Task.
Leave the pictures behind and repeat all the entries exactly.

Data provided.
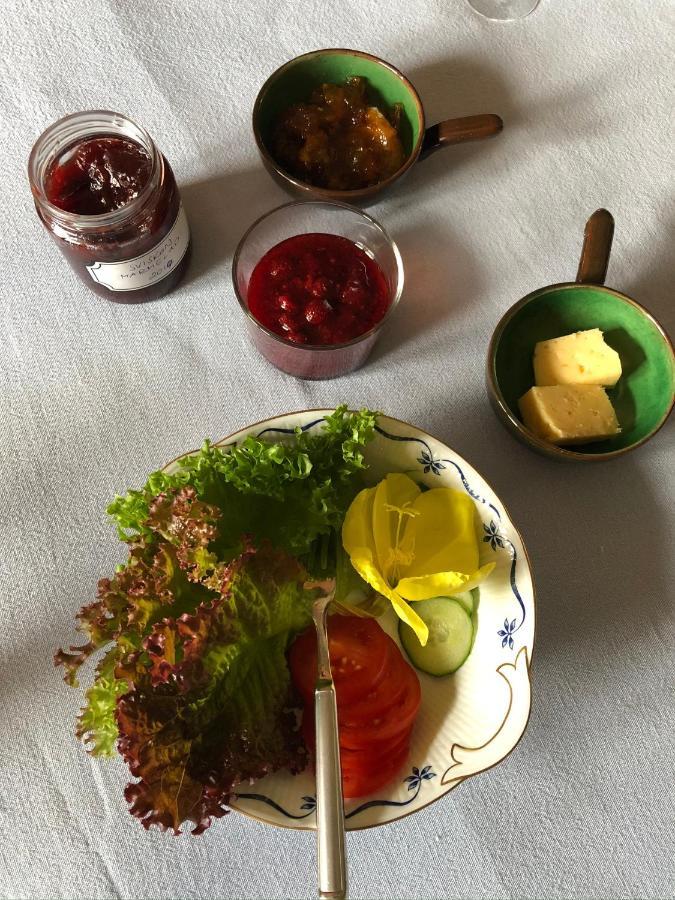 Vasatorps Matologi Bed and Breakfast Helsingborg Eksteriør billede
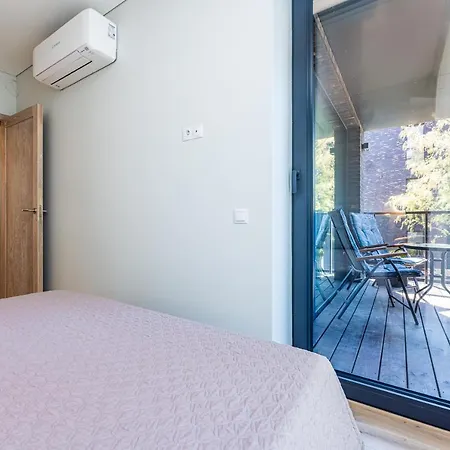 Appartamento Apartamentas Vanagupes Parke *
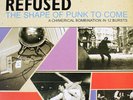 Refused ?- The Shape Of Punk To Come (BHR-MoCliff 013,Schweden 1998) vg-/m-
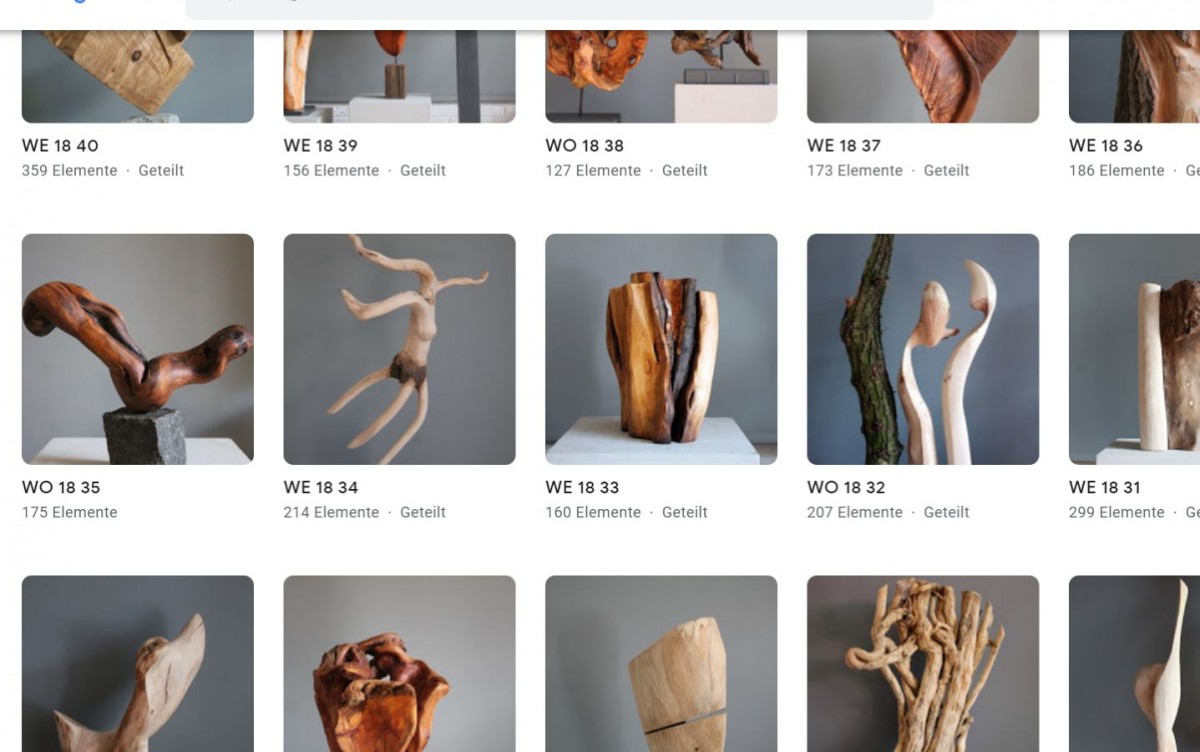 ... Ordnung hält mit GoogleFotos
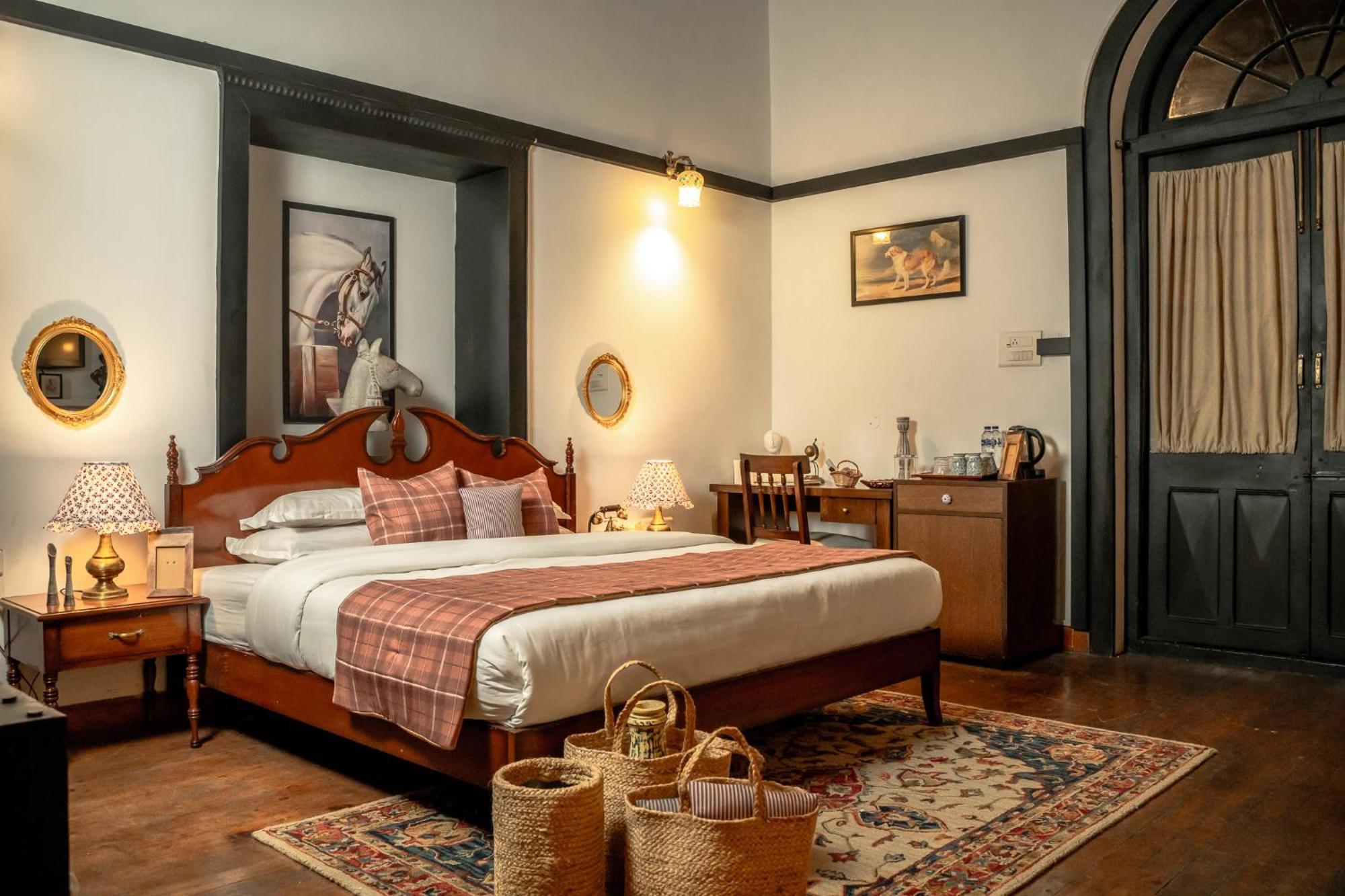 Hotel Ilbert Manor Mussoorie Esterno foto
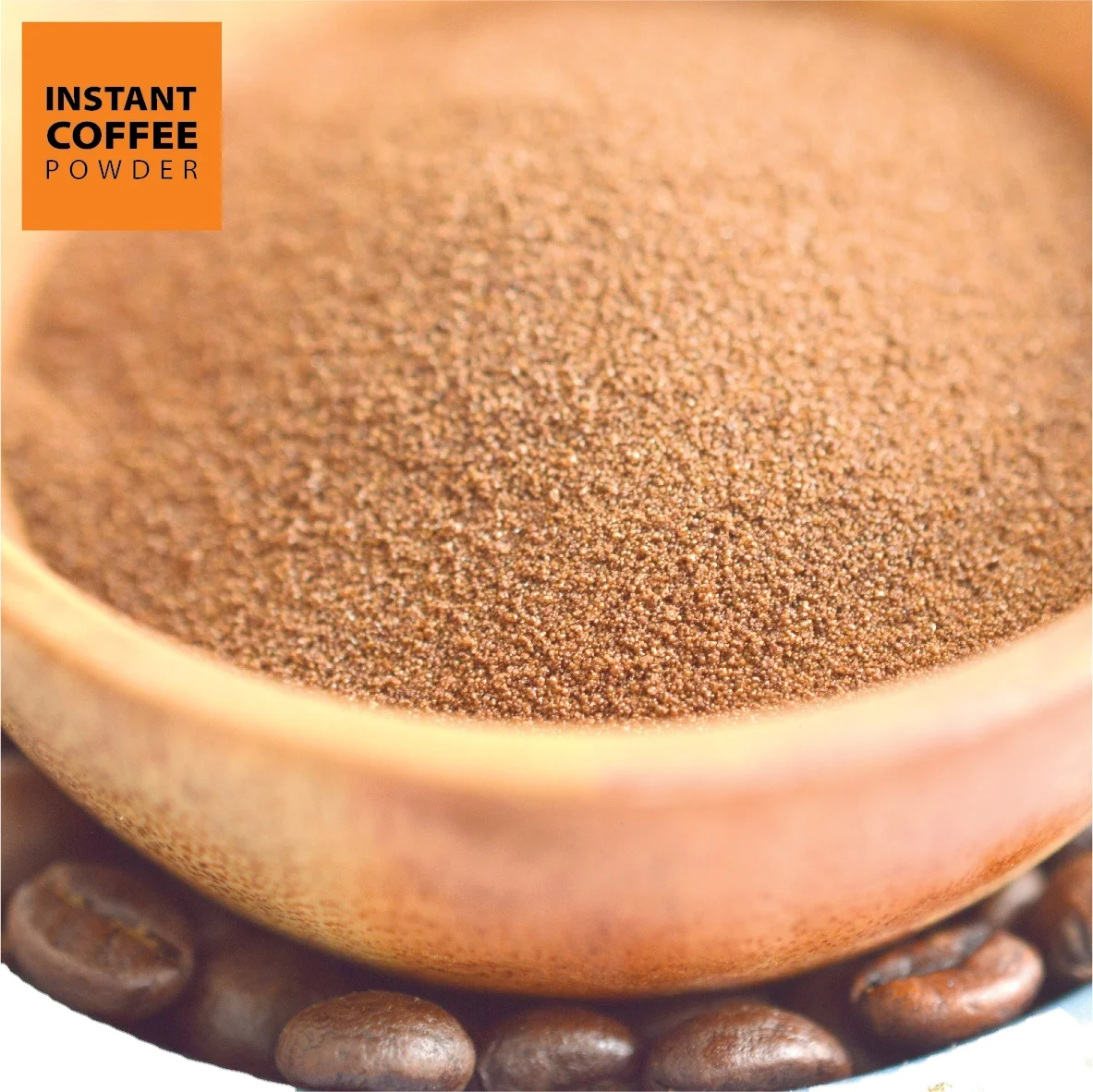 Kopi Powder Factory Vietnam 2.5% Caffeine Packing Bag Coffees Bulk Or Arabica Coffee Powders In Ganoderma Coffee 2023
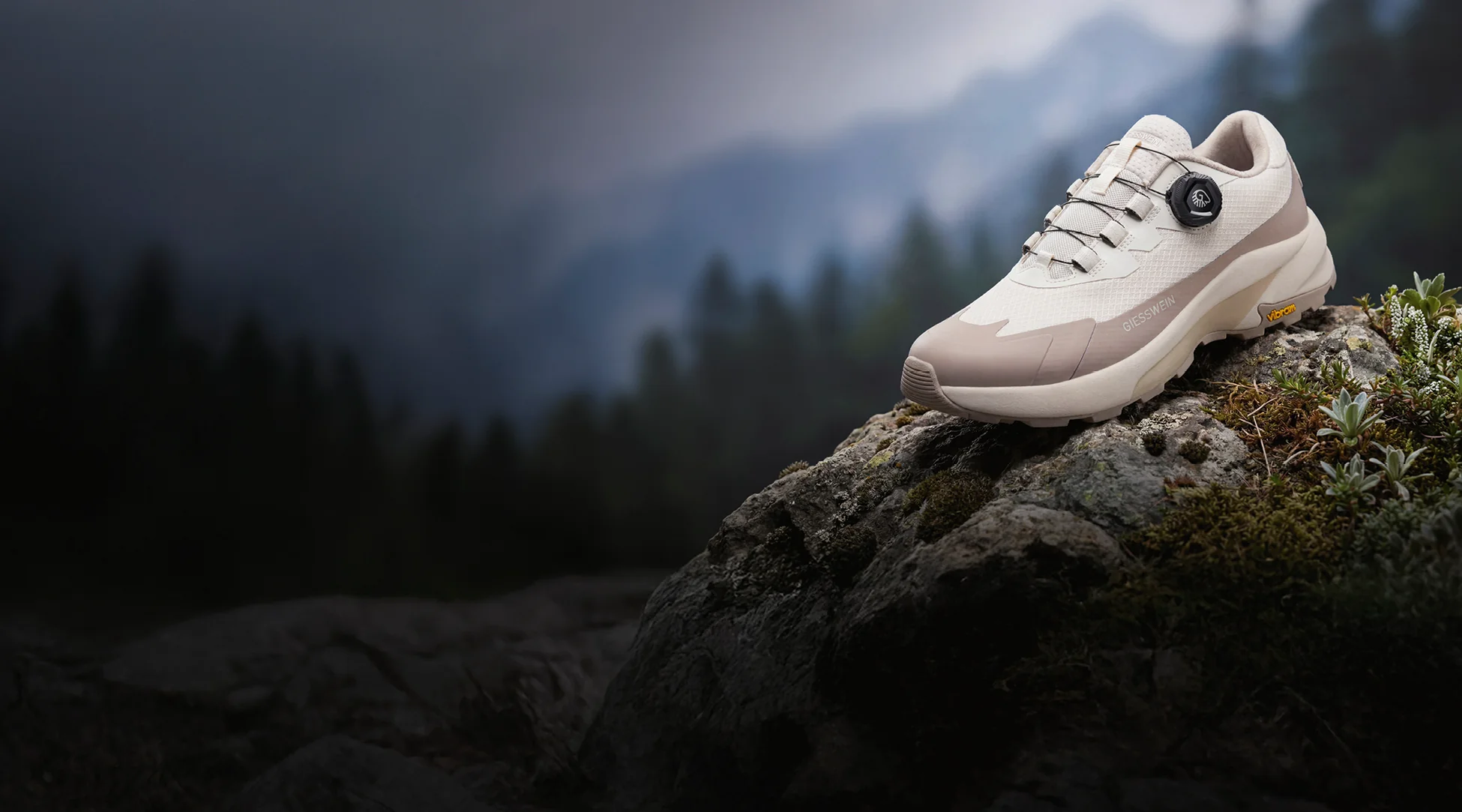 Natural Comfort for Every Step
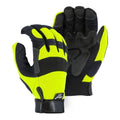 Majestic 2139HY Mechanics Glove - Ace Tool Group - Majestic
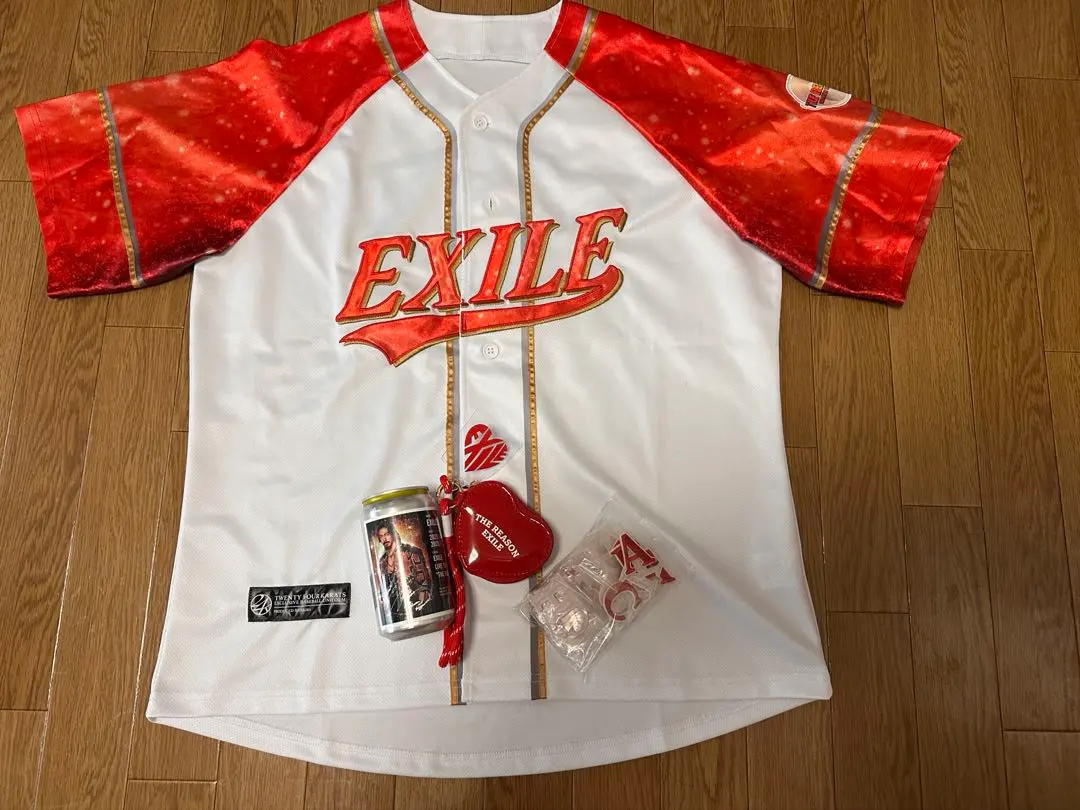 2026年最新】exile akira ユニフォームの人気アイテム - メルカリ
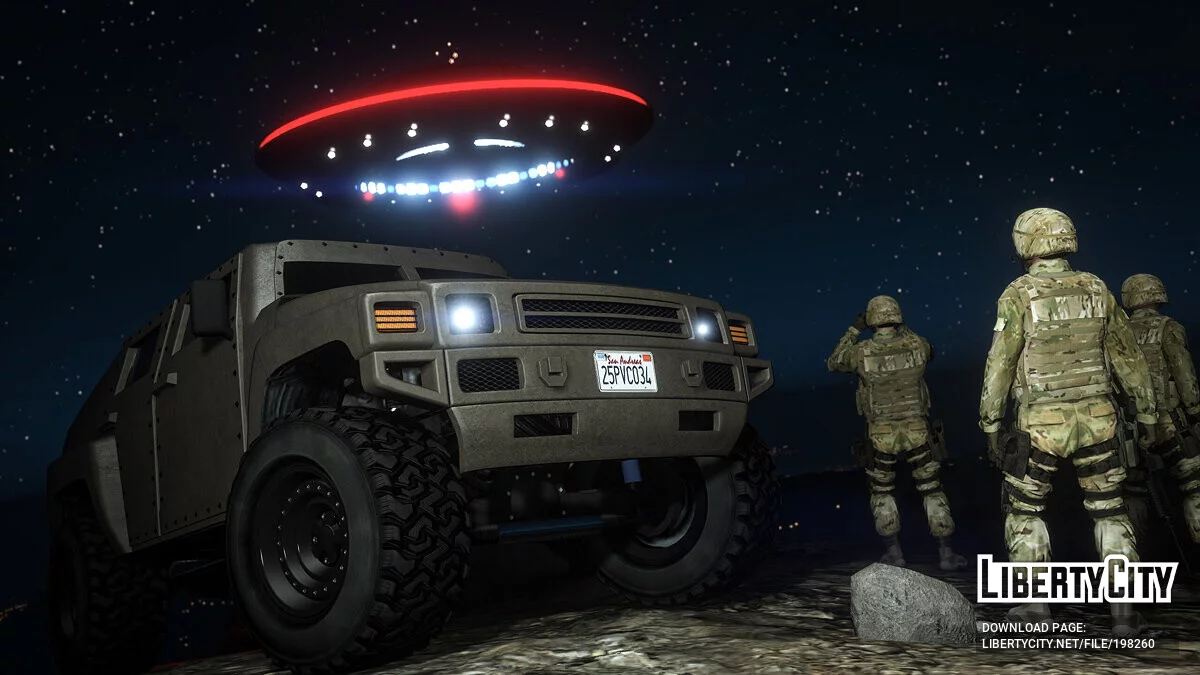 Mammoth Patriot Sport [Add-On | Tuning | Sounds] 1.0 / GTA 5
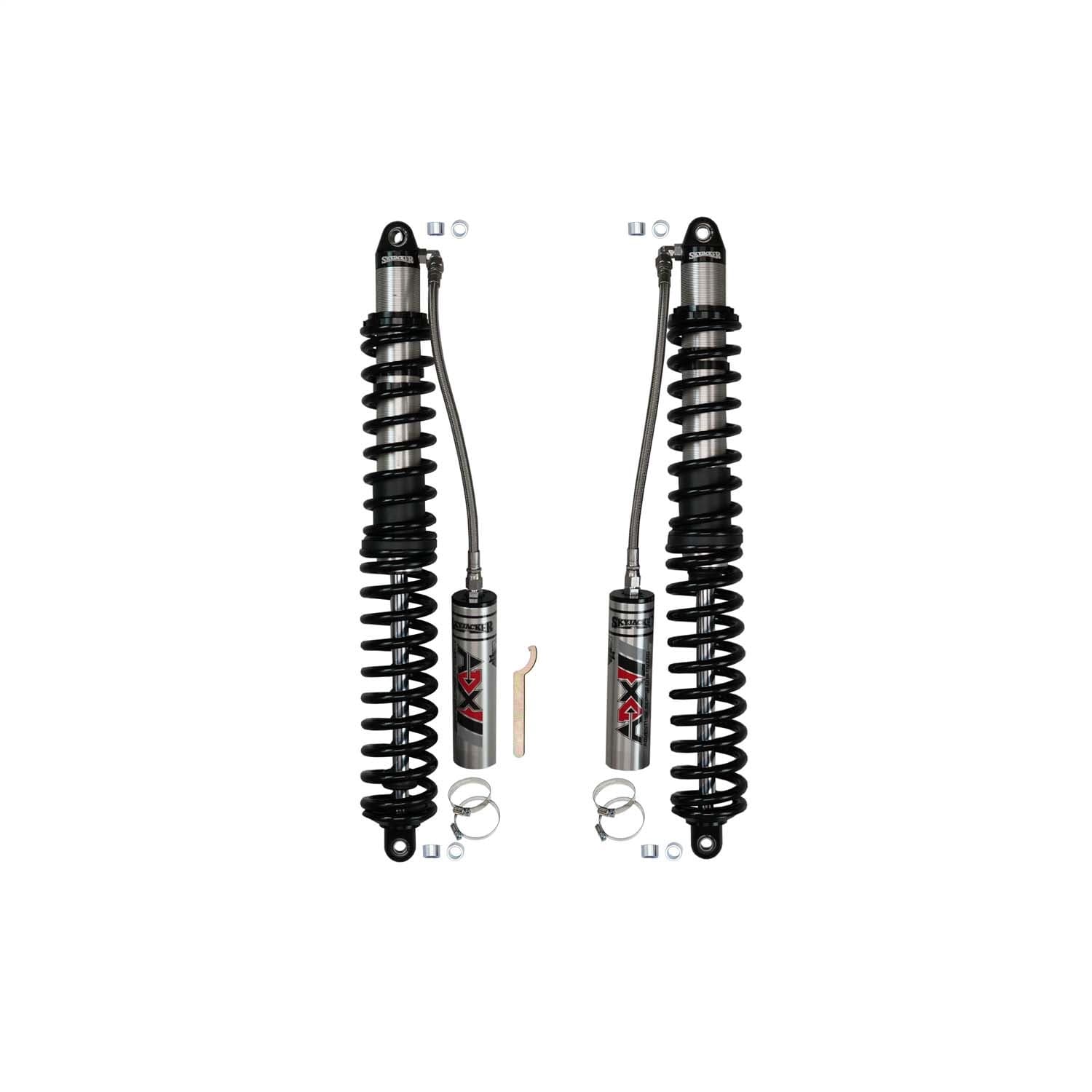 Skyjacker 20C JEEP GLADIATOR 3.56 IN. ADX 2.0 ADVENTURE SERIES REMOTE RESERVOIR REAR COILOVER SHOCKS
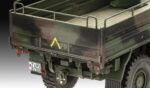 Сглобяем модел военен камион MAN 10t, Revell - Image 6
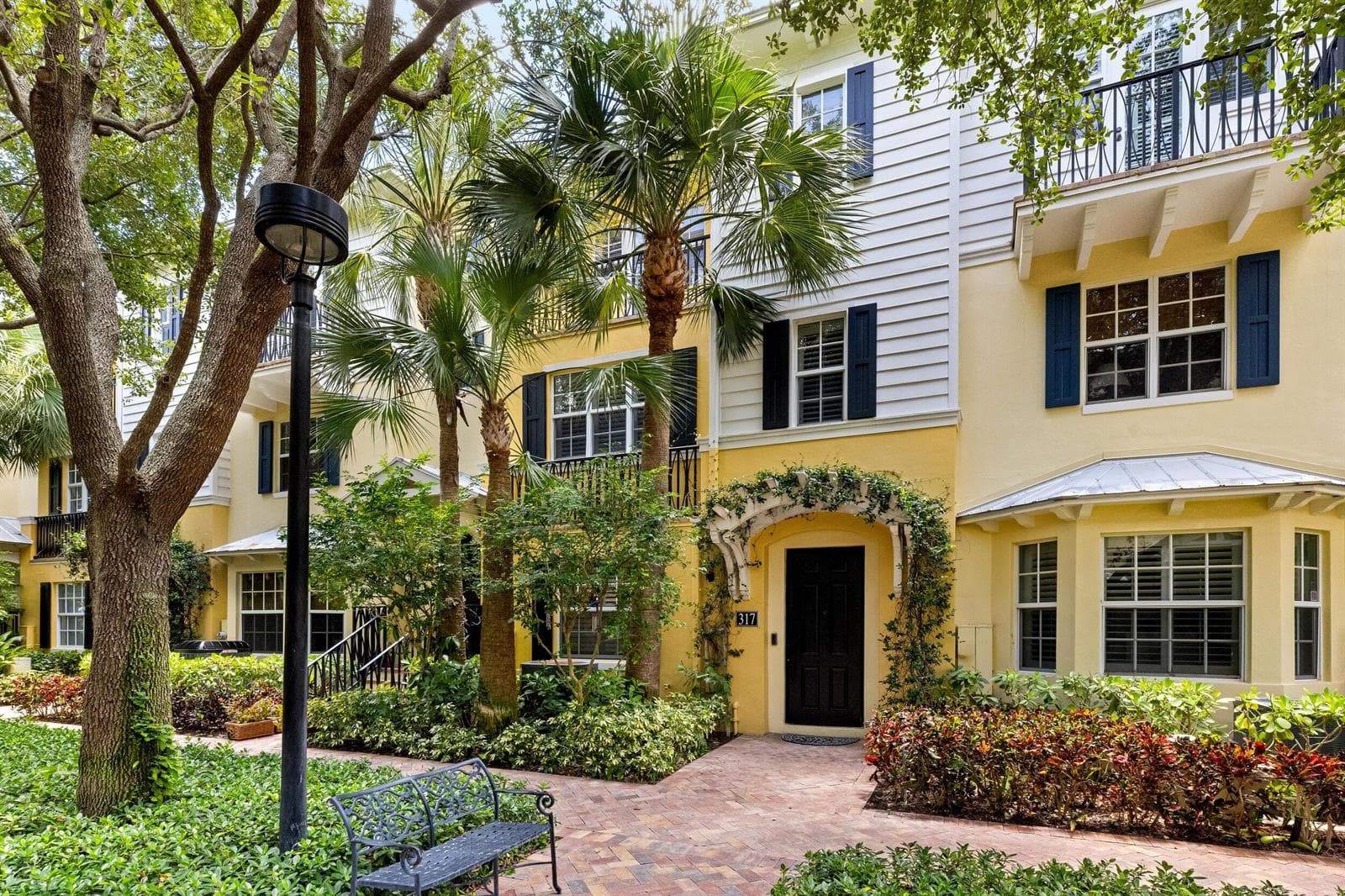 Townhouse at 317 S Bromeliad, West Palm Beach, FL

Task response.
 Vasatorps Matologi Bed and Breakfast Helsingborg Eksteriør billede
 Appartamento Apartamentas Vanagupes Parke *
 Refused ?- The Shape Of Punk To Come (BHR-MoCliff 013,Schweden 1998) vg-/m-
 ... Ordnung hält mit GoogleFotos
 Hotel Ilbert Manor Mussoorie Esterno foto
 Kopi Powder Factory Vietnam 2.5% Caffeine Packing Bag Coffees Bulk Or Arabica Coffee Powders In Ganoderma Coffee 2023
 Natural Comfort for Every Step
 Majestic 2139HY Mechanics Glove - Ace Tool Group - Majestic
 2026年最新】exile akira ユニフォームの人気アイテム - メルカリ
 Mammoth Patriot Sport [Add-On | Tuning | Sounds] 1.0 / GTA 5
 Skyjacker 20C JEEP GLADIATOR 3.56 IN. ADX 2.0 ADVENTURE SERIES REMOTE RESERVOIR REAR COILOVER SHOCKS
 Сглобяем модел военен камион MAN 10t, Revell - Image 6
 Townhouse at 317 S Bromeliad, West Palm Beach, FL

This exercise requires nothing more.